Wir suchten uns einen Platz und setzen uns. Schnitzel, wie der bravste Hund der Welt, setzen sich vor unsere Füße und schaute sich um. Laute Musik, viele Menschen, bunte Lichter und einfach Trubel. Was macht unser Hund? Er bleibt brav bei uns. Nach und nach begrüßen uns diverse Leute. Schnitzel freut sich über jeden der ihn auch begrüßt und gibt die ganze erste Hälfte der Vorstellung keinen Ton von sich. In der Pause begrüßten wir weitere Freunde und Bekannte und Schnitzel blieb immer brav an unserer Seite. Eine Zug auf die Leine gab es nur, wenn er ein einzelnes Popcorn fand. Denn das fand er richtig Lecker. Überall wo wir dann standen, war anschließend der Boden blitz sauber.

Wir riskierten den zweiten Teil der Vorstellung. Schnitzel, nun schon routiniert, ging wieder mit uns an einen Platz und machte es sich gemütlich. Ob Hunde, Pferde oder Artisten in der Manege waren, es interessierte ihn recht wenig oder er schaute einfach nur gebannt auf das, was da alles so passierte. An den Applaus hatte er sich zu Beginn schon gewöhnt und blieb nun dabei auch entspannt. Zwei Sachen brachten ihn nur aus der Ruhe. Das erste Mal als der eine Clown permanent seine Anweisungen mit Pfeifen unterstrich und das zweite Mal, als Sascha alleine nach draußen ging. Ansonsten gab es nicht von ihm zu hören.

Nach der Vorstellung standen wir noch eine Weile mit einigen Leuten im Vorzelt und Schnitzel suchte wieder nach Popcorn. Als sich das Zelt zu Abendvorstellung dann füllte, entspannte er sich immer mehr und legte sich einfach hin. Er döste vor sich hin, da ihn die ganzen neuen Eindrücke einfach erschöpft hatten.

Ich bin einfach hin und weg von diesem Knallkopp.

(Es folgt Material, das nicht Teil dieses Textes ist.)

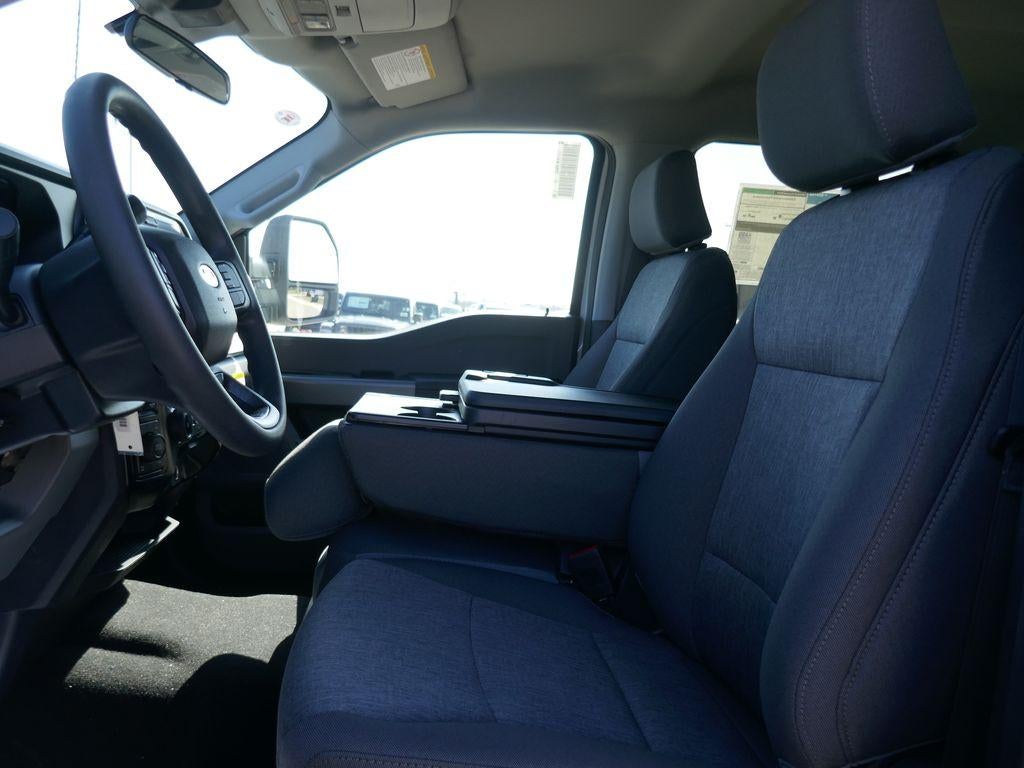 2026 Ford Super Duty F-350 SRW XL 4WD Crew Cab 8' Box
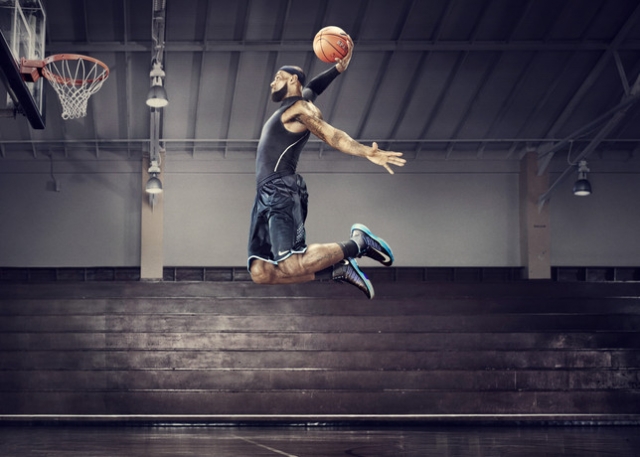 Grossbritannien-News.Info - Grobritannien Infos & Grobritannien Tipps | LeBron James mit der neuen Nike+ Basketball Technologie 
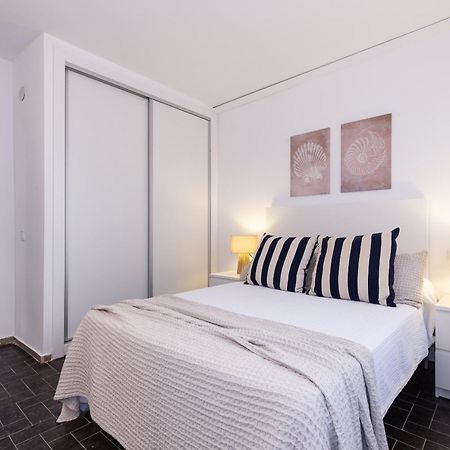 Uhc Dms Family Apartments 坎布里尔斯 外观 照片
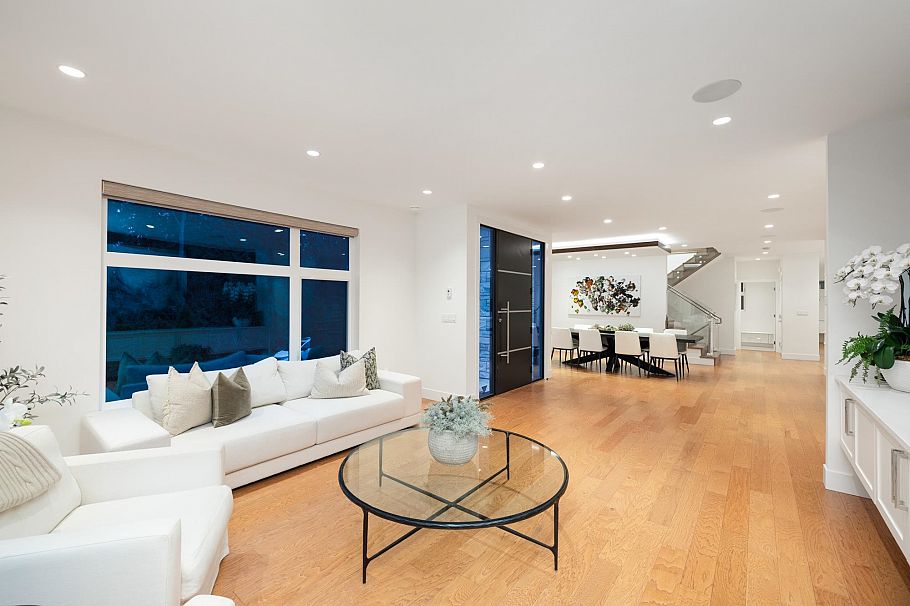 2902 St. Andrews Avenue North Vancouver, BC - 5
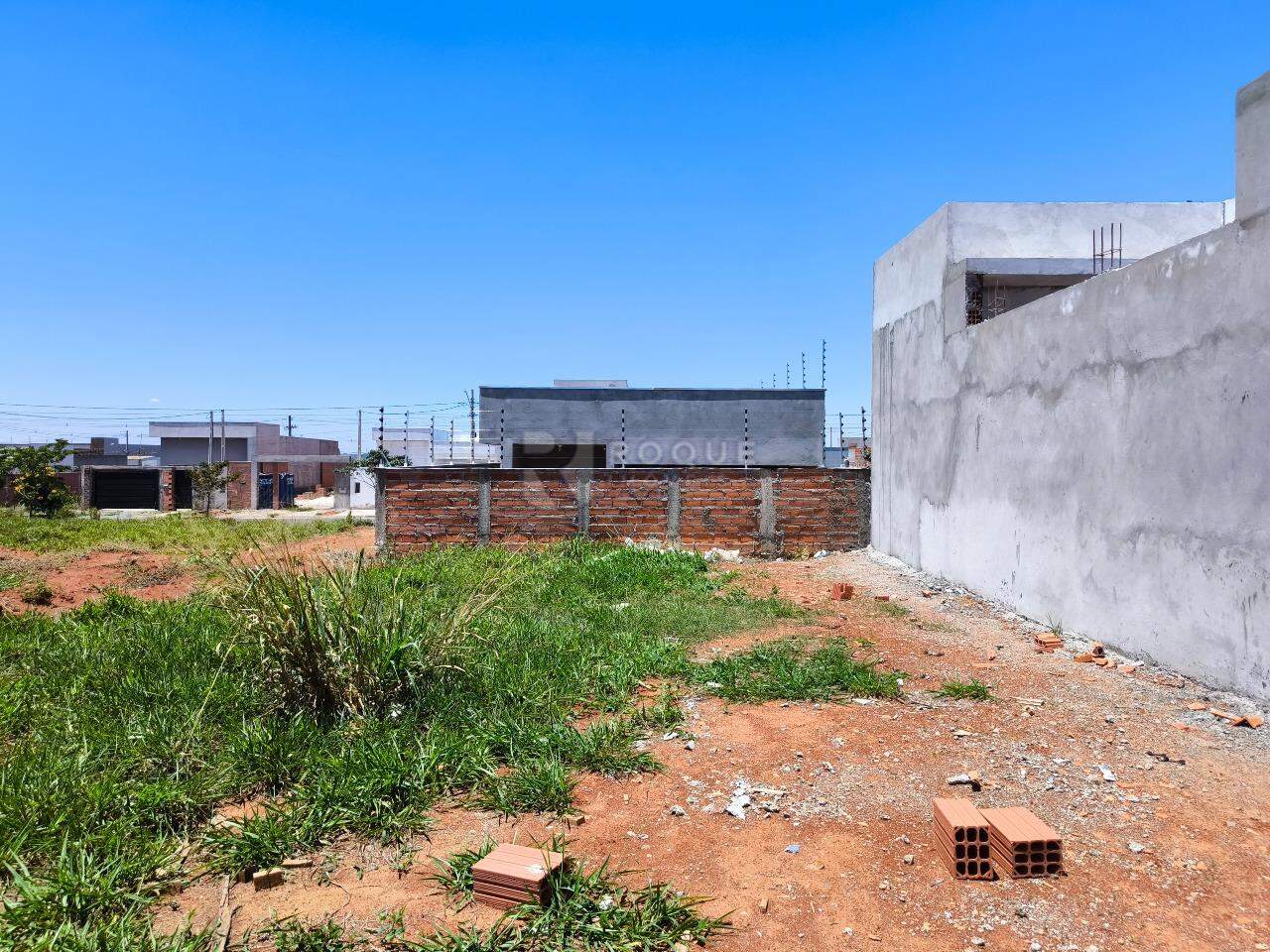 Terreno à venda no bairro Jardim Campo Verde II: 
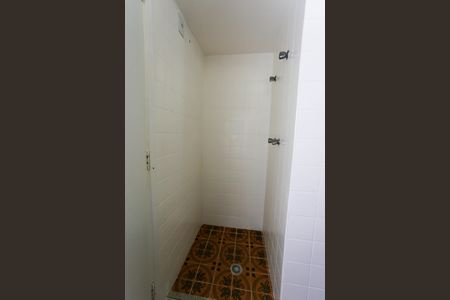 Apartamento para alugar com 198m², 4 quartos e 3 vagas Apartamento para alugar com 198m², 4 quartos e 3 vagasBanheiro da Suíte 2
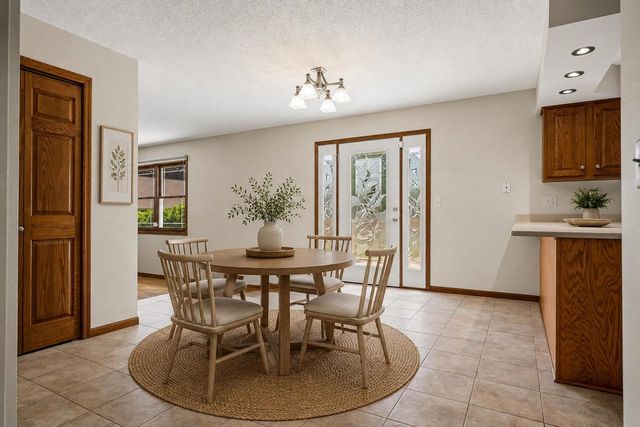 616 Grove STREET, Onalaska, WI 54650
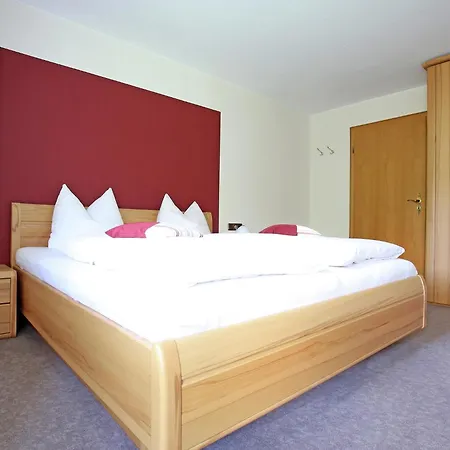 Flat In With Garden, Cleaning Included Appartement *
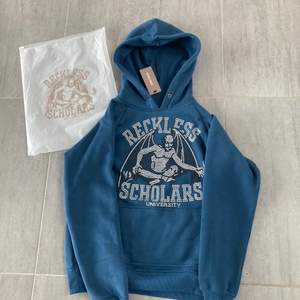 Säljer en helt oöppnad reckless schoolars hoodie då jag råkade beställa 2 st i storlek S❤️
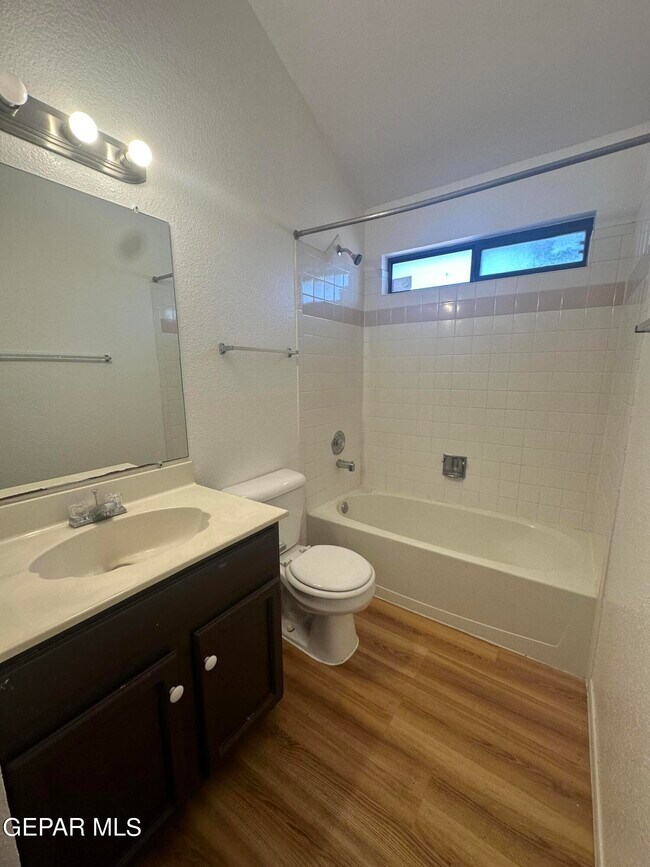 Building Photo - 7324 Canyon Run Dr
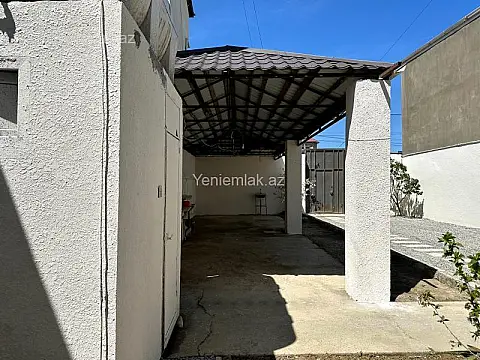 Satılır 6 otaqlı həyət evi 200 m²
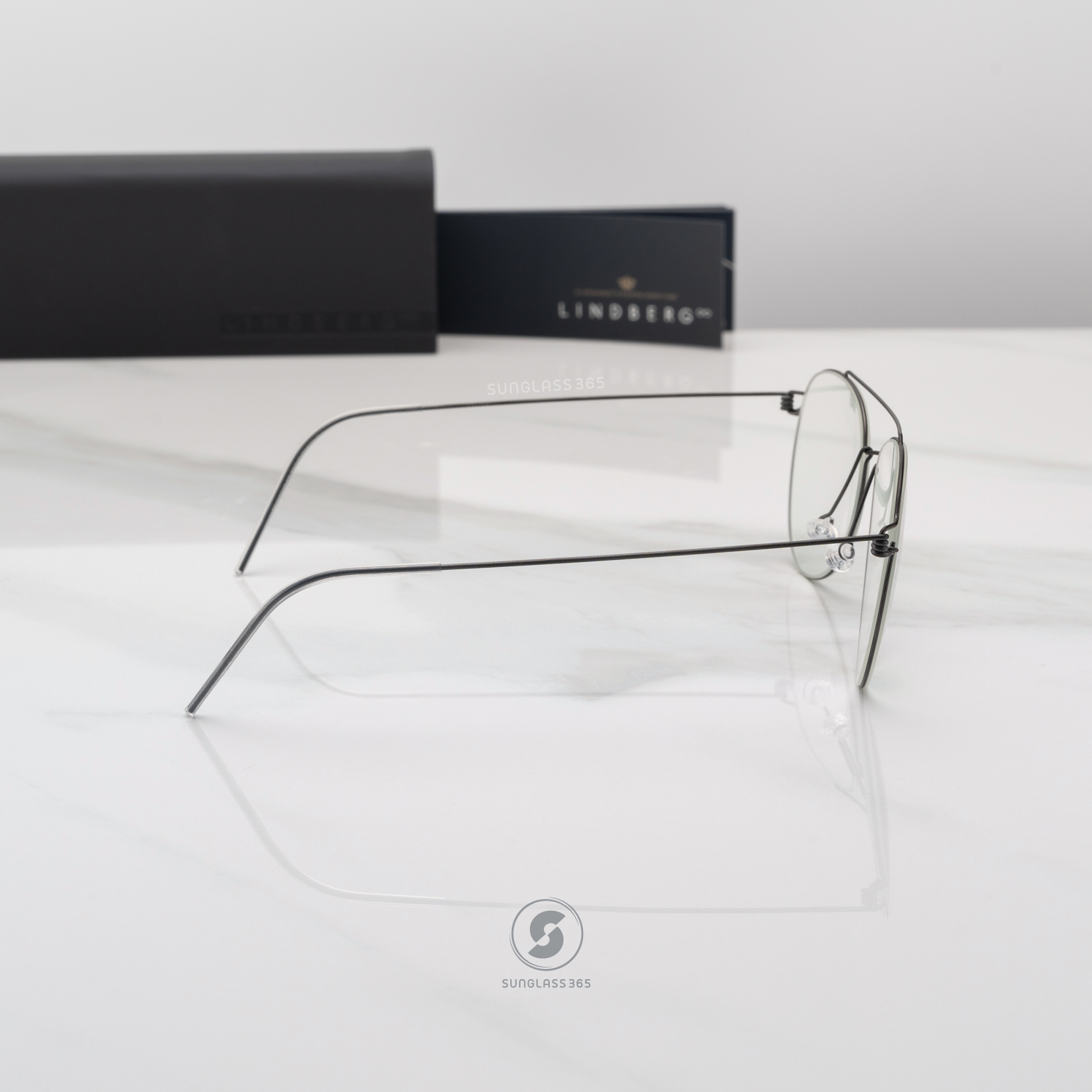 แว่นสายตา Lindberg Air Titanium Rim 028 14B9T SONNY U9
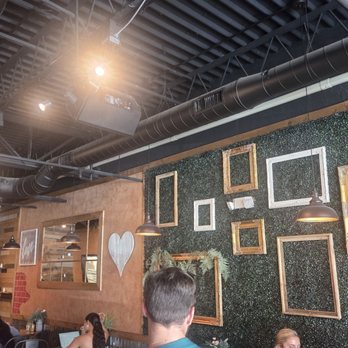 Ella Cafe - Cafes Near Me - Coral Springs, Florida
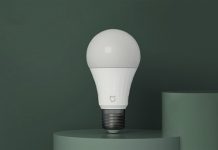 Xiaomi представила бюджетну розумну лампу з голосовим управлінням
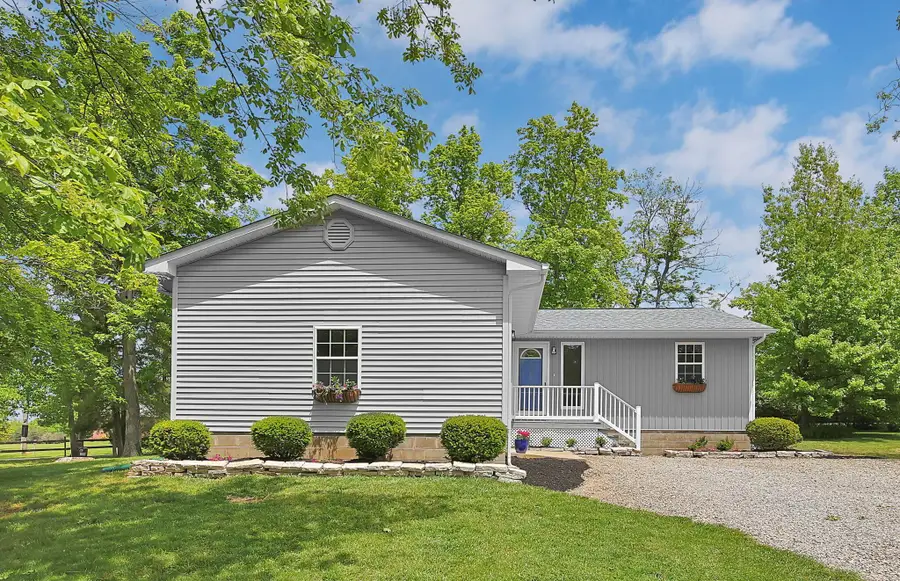 1366 Windsor Court, Circleville, OH 43113 - #2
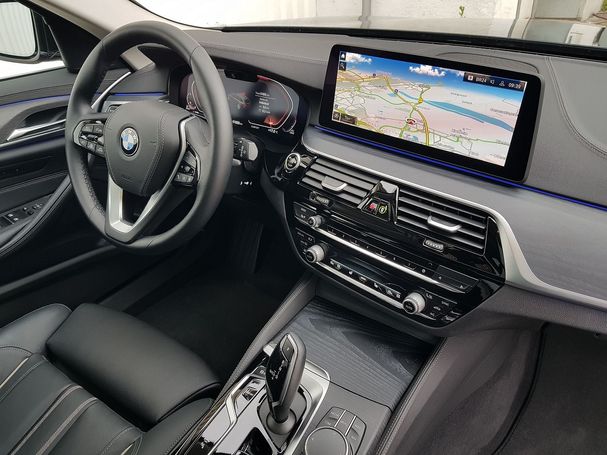 BMW 530d Touring xDrive 210 kW image number 16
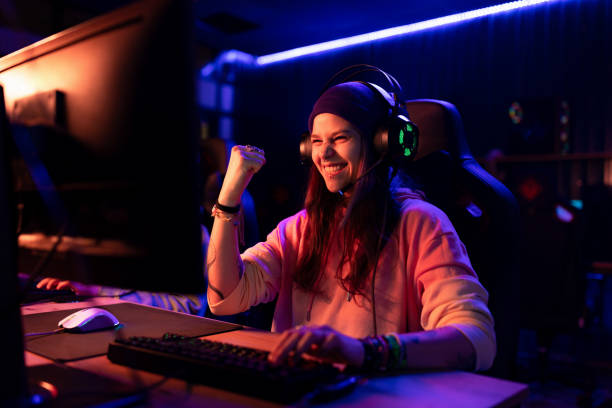 Exploring Real Time Strategy in Online Gaming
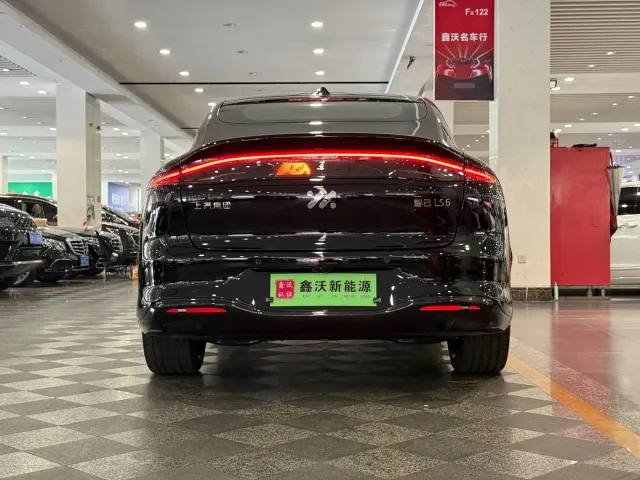 IM Motors LS6 — Фото автомобиля 4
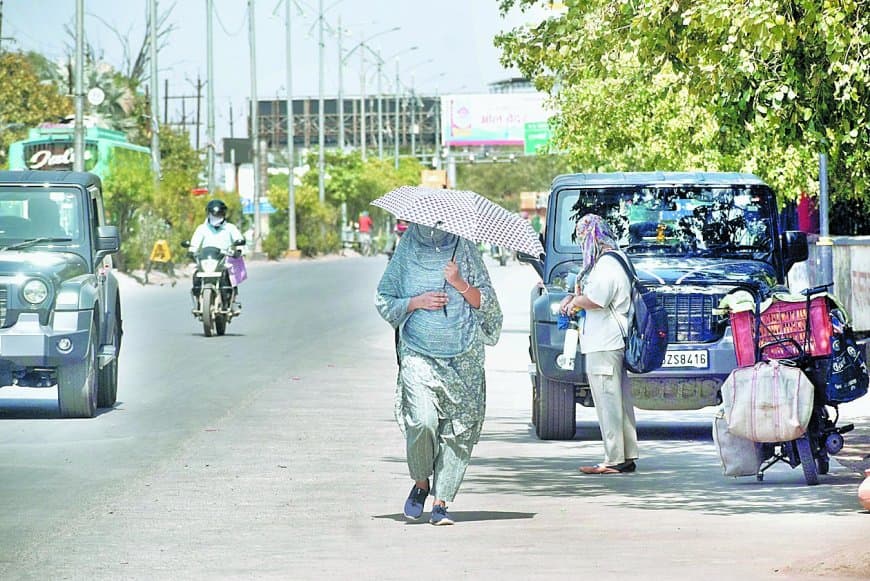 सतना में भीषण लू का खतरा बढ़ा, मोबाइल अलर्ट से लोग घबराए आज सतना में भीषण लू का खतरा बढ़ा, मोबाइल अलर्ट से लोग घबराए आज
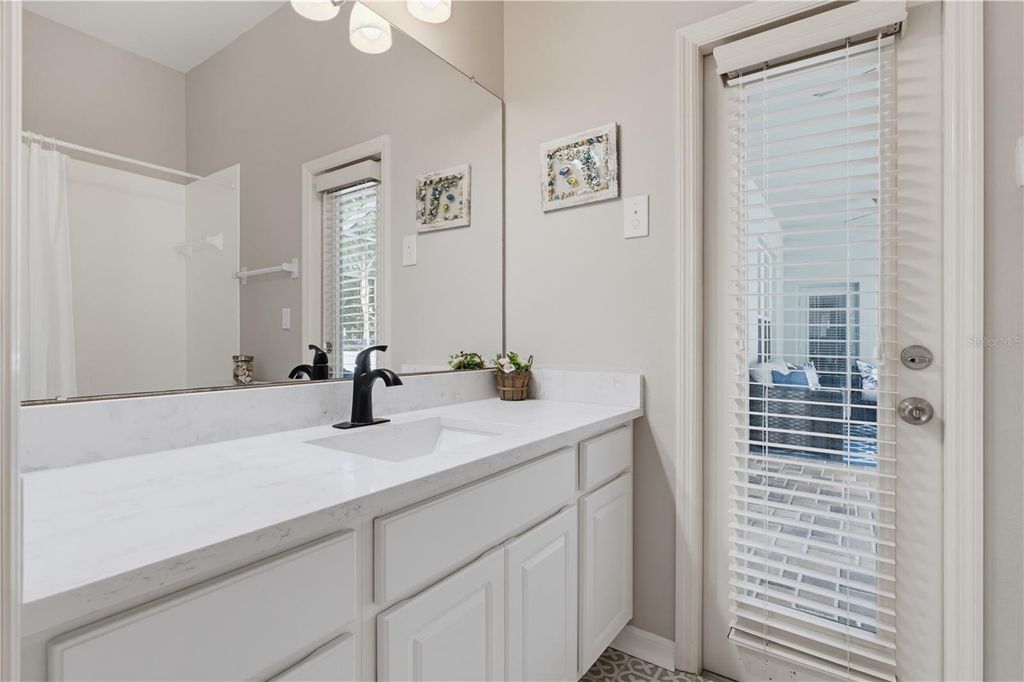 Image 72 of property listing at 11704 NEWBERRY GROVE LOOP, Riverview, FL 33579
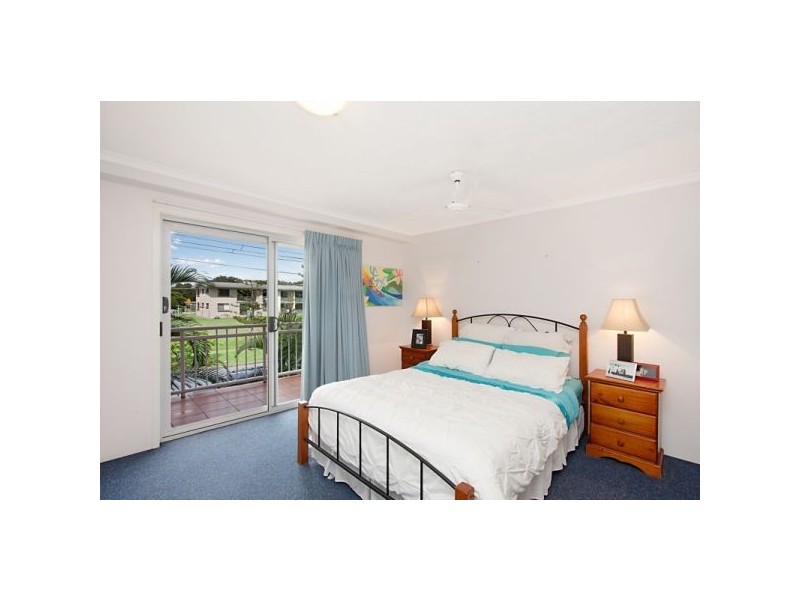 10/12-14 Douglas Street, Kirra QLD 4225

Auf einer Seite kann er einen so auf den Wecker fallen, hat manchmal was an den Ohren und ist viel zu weit weg, und dann so ein Nachmittag. Letztendlich waren wir so lange im Circus, wie wir immer sind, wenn wir eine Stippvisite zu Nachmittagsvorstellung machen. Und das hatten wir nun seit zwei Jahren nicht mehr gemacht.

Dazu muss man auch sagen, Hunde kommen normalerweise auch nicht einfach so in den Circus rein. Schnitzel hatte durch uns eine Ausnahmegenehmigung. Und selbst unser Freund, der Circus Direktor, war zum Schluss erstaunt, wie brav unser Hund ist.

Es war einfach ein toller Nachmittag mit Schnitzel, Freunden und dem Circus.

Schnitzel saß sogar brav im Vorzelt für dieses Foto. Leider hatte ich die Kamera zu Hause gelassen.